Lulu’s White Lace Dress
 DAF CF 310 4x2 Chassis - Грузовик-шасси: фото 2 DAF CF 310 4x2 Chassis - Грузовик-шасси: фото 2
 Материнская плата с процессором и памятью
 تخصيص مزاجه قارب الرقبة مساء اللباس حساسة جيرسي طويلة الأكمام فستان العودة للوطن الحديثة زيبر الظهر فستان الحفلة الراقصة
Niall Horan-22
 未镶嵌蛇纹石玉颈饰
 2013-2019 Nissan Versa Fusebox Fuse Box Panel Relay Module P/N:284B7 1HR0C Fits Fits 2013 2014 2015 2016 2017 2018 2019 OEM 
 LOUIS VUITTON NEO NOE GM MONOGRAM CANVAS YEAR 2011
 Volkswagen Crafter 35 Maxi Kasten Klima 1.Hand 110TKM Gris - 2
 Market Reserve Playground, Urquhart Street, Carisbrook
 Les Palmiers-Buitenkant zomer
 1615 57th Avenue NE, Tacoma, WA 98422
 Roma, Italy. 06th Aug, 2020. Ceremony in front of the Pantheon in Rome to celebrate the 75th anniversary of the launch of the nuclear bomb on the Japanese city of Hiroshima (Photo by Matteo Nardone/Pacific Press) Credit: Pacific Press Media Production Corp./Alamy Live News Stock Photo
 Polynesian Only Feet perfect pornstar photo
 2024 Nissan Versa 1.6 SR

▶ **Assignment**: A faithful copy is required of the lines from the one with "Volkswagen Crafter 35" through the last line of the data; please add nothing.

▶ **Answer to this task**:
 Volkswagen Crafter 35 Maxi Kasten Klima 1.Hand 110TKM Gris - 2
 Market Reserve Playground, Urquhart Street, Carisbrook
 Les Palmiers-Buitenkant zomer
 1615 57th Avenue NE, Tacoma, WA 98422
 Roma, Italy. 06th Aug, 2020. Ceremony in front of the Pantheon in Rome to celebrate the 75th anniversary of the launch of the nuclear bomb on the Japanese city of Hiroshima (Photo by Matteo Nardone/Pacific Press) Credit: Pacific Press Media Production Corp./Alamy Live News Stock Photo
 Polynesian Only Feet perfect pornstar photo
 2024 Nissan Versa 1.6 SR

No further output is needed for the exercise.